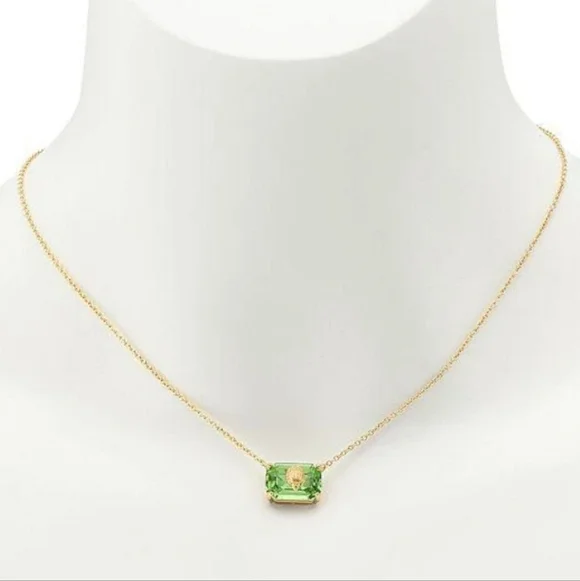 Kurt Geiger Emerald Cut Green Crystal Pendant Necklace - Picture 2 of 11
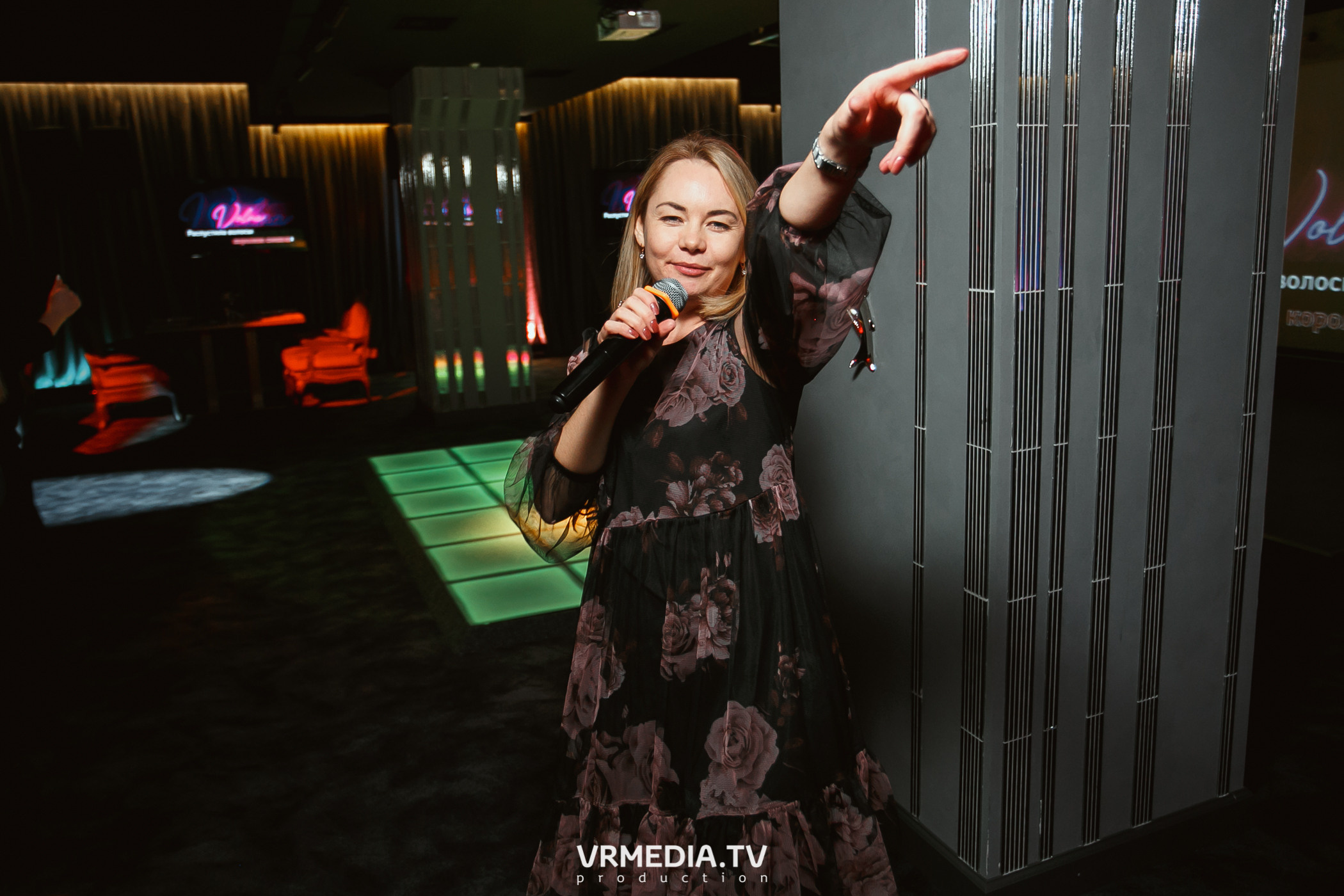 Women’s weekend в караоке «Volna»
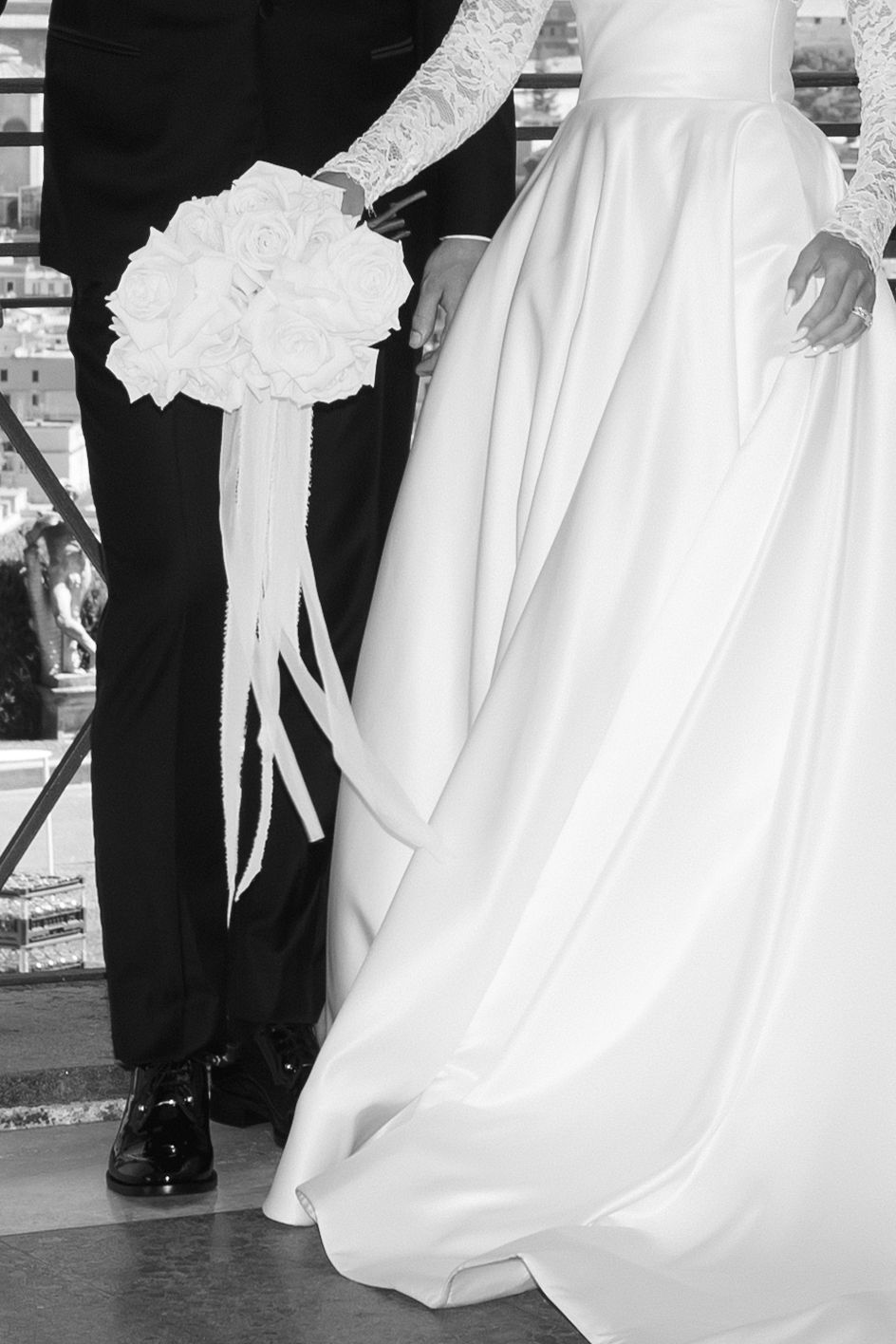 Bride's dress an bouquet details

══════════════════════════════

Reproduce nothing but the lines from the line containing "Women’s weekend в" through the last line of the data above, exactly as written and without pictures.

▶ RESPONSE
 Women’s weekend в караоке «Volna»
 Bride's dress an bouquet details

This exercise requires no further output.